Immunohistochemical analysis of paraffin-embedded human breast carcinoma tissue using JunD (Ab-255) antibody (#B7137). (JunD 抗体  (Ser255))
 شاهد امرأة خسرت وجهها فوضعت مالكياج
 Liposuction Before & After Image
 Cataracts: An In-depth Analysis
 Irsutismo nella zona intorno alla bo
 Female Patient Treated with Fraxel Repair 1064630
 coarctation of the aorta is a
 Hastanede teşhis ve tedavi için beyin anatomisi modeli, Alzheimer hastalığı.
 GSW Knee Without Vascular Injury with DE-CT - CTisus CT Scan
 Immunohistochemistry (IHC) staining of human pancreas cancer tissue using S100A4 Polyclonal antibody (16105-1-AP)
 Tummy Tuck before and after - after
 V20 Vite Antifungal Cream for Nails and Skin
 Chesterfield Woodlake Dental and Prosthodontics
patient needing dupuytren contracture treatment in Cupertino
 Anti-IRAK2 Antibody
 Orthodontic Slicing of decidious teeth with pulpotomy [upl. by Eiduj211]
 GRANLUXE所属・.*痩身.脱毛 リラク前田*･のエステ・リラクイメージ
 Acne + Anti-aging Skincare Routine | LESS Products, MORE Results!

- - -

Once you have read the data, copy all of it out exactly.

Immunohistochemical analysis of paraffin-embedded human breast carcinoma tissue using JunD (Ab-255) antibody (#B7137). (JunD 抗体  (Ser255))
 شاهد امرأة خسرت وجهها فوضعت مالكياج
 Liposuction Before & After Image
 Cataracts: An In-depth Analysis
 Irsutismo nella zona intorno alla bo
 Female Patient Treated with Fraxel Repair 1064630
 coarctation of the aorta is a
 Hastanede teşhis ve tedavi için beyin anatomisi modeli, Alzheimer hastalığı.
 GSW Knee Without Vascular Injury with DE-CT - CTisus CT Scan
 Immunohistochemistry (IHC) staining of human pancreas cancer tissue using S100A4 Polyclonal antibody (16105-1-AP)
 Tummy Tuck before and after - after
 V20 Vite Antifungal Cream for Nails and Skin
 Chesterfield Woodlake Dental and Prosthodontics
patient needing dupuytren contracture treatment in Cupertino
 Anti-IRAK2 Antibody
 Orthodontic Slicing of decidious teeth with pulpotomy [upl. by Eiduj211]
 GRANLUXE所属・.*痩身.脱毛 リラク前田*･のエステ・リラクイメージ
 Acne + Anti-aging Skincare Routine | LESS Products, MORE Results!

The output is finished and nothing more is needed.